Na gisteren Heusden, vestingstadje uit de middeleeuwen en tachtigjarige oorlog, te hebben bezocht, wandelden we vanochtend door den Kampina. Een mooi natuurgebied, momenteel met vele kleuren groen. Hier en daar een ven. En soms een weiland vol met bloemen, kruiden en wat vetweiders. De regen van gisteren en vannacht deed de veenstroompjes stromen. Een enkele roodbruin van ijzer, de meeste gitzwart van het veen.
En daarmee was ik terug bij een bijeenkomst die we vrijdagochtend hadden bij het Innovatienetwerk over de veenweide. Na de natuurlijke afwatering in het gebied tot ongeveer het jaar 1400, hebben we 600 jaar bemaling gehad. De zorg over de kosten van de inklinking en de CO2 emissie doen waterschappen nu besluiten om peilen te verhogen en hier en daar drasland te creeren, dat dan ongeschikt is voor zuivelproductie. Een zoektocht dus naar alternatieve mogelijkheden (bedrijfssystemen) om de kosten van het grondbeheer te betalen. Zuivel brengt per ha nog het nodige op (ook al verdwijnen veel bedrijven door schaalvergroting), maar natuur kost geld. Vetweiderij (rundvlees), of toch nog zuivel met andere koeien (blaarkoppen) zijn een paar van die mogelijkheden. In deze bijeenkomst was er een voorstel voor rietplantages voor energie. Verkoopt mogelijk beter als de Weerribben bij Gouda.
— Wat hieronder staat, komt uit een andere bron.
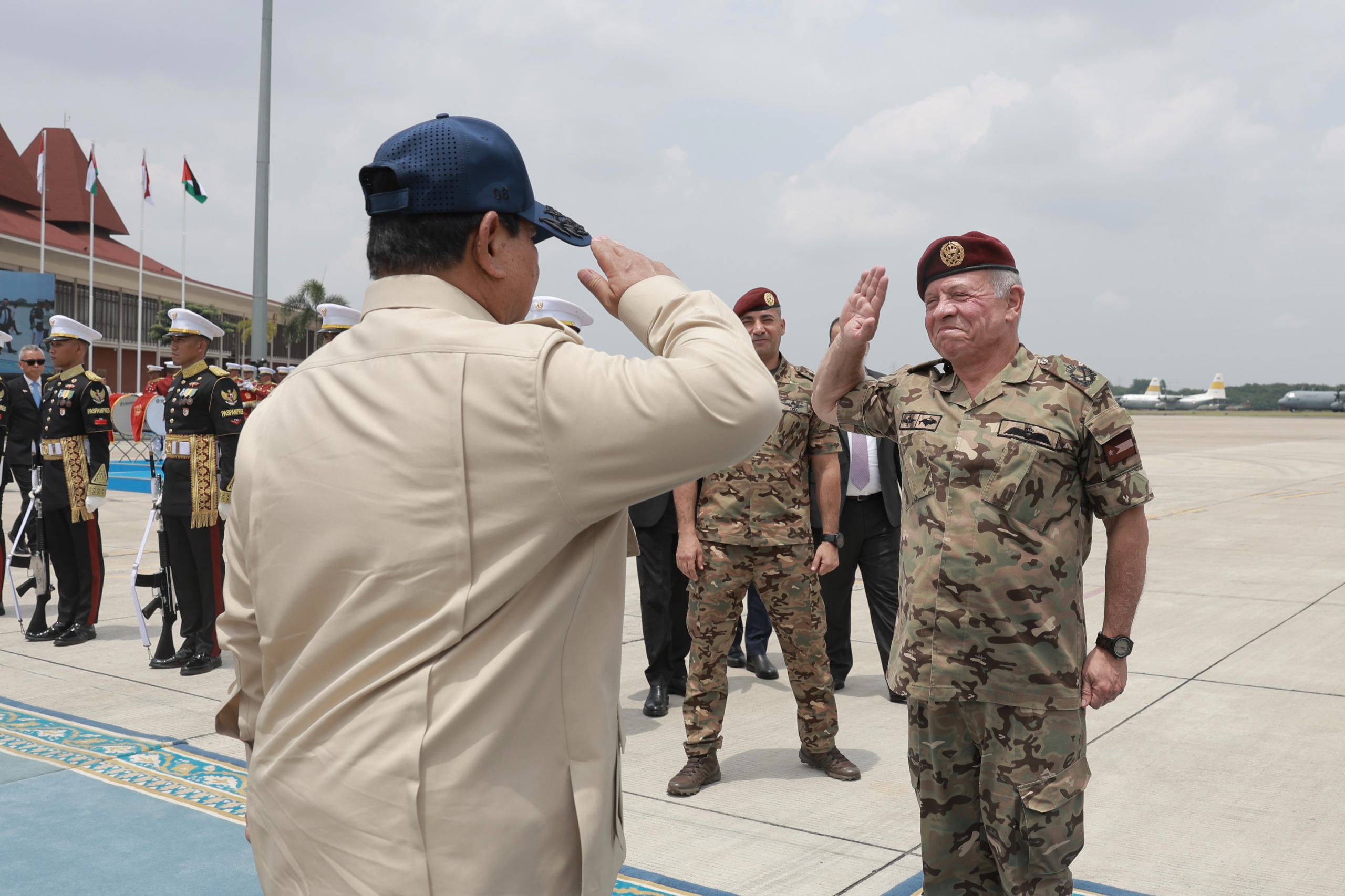 Prabowo Lepas Langsung Kepulangan Raja Yordania Abdullah II Dikawal Oleh Jet Tempur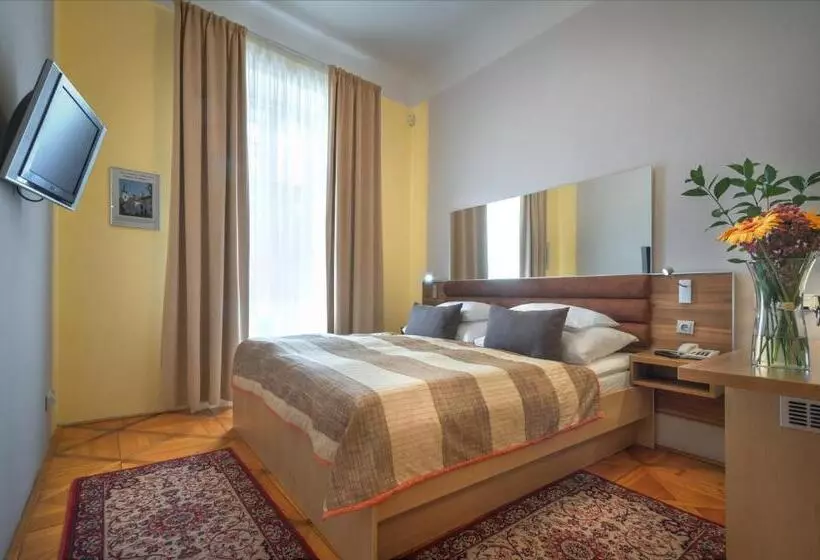 Fotos del hotel Monastery:  11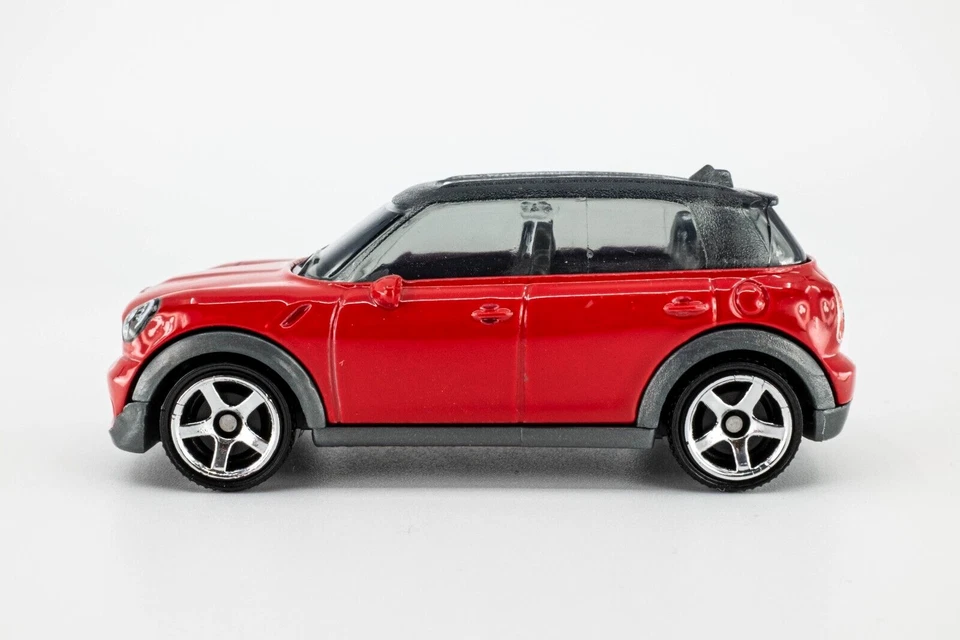 2020 Matchbox #11 2011 Mini Cooper® Countryman PURE RED | MINT - Image 1 of 1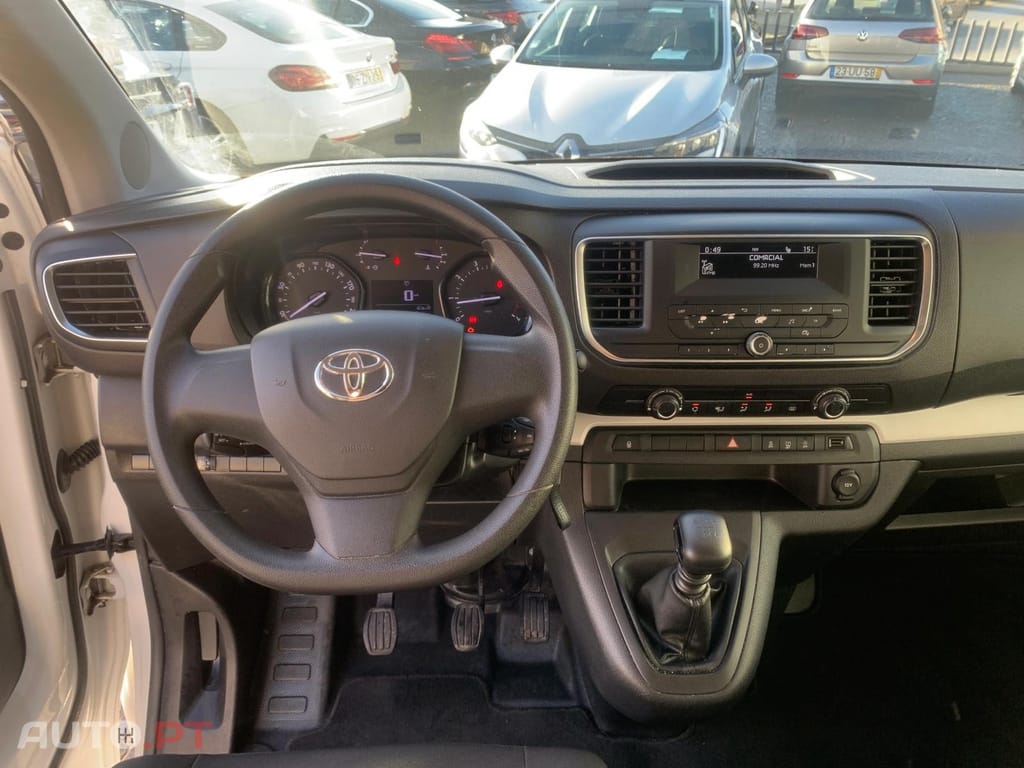 Toyota Proace 1.5 D-4D L1 Porta Traseira Basculante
Over de economische haalbaarheid leek me het laatste woord nog niet gezegd.
We waren het er in die bijeenkomst ook over eens dat er veel te weinig mechanismes zijn om geld uit de stad te gebruiken voor investering in het landelijk gebied. Het veenweide slagenlandschap is een internationaal uniek gebied (waarom staat dat niet op de Unesco heritage lijst?) dat via een rechte lijn doorklinkt tot in de kunst. Maar wie we er voor kunnen laten betalen is nog onduidelijk. Urbane en rurale ruimtelijke planning zijn werelden apart, zo concludeerde prof. Adri van den Brink dan ook afgelopen donderdag op een Professionele Gesprek over transities in Wageningen.